■ SUPPLIED INFORMATION
==================================================
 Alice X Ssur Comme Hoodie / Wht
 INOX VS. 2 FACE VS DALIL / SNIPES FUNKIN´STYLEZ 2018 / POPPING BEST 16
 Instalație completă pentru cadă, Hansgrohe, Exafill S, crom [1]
==================================================
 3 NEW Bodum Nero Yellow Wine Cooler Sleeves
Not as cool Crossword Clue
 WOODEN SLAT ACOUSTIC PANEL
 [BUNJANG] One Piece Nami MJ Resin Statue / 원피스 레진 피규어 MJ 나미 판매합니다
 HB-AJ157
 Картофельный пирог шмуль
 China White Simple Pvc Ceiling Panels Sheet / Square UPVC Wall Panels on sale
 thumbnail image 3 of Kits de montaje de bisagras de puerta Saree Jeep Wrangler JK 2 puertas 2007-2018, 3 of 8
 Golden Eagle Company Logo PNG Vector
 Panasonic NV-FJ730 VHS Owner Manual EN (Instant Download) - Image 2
==================================================
■ WORK ITEM
Above are the records; copy exactly the lines from the line with "Not as cool Crossword Clue" through the line with "Panasonic NV-FJ730 VHS", both included.

■ RESULT OF THE EXERCISE
Not as cool Crossword Clue
 WOODEN SLAT ACOUSTIC PANEL
 [BUNJANG] One Piece Nami MJ Resin Statue / 원피스 레진 피규어 MJ 나미 판매합니다
 HB-AJ157
 Картофельный пирог шмуль
 China White Simple Pvc Ceiling Panels Sheet / Square UPVC Wall Panels on sale
 thumbnail image 3 of Kits de montaje de bisagras de puerta Saree Jeep Wrangler JK 2 puertas 2007-2018, 3 of 8
 Golden Eagle Company Logo PNG Vector
 Panasonic NV-FJ730 VHS Owner Manual EN (Instant Download) - Image 2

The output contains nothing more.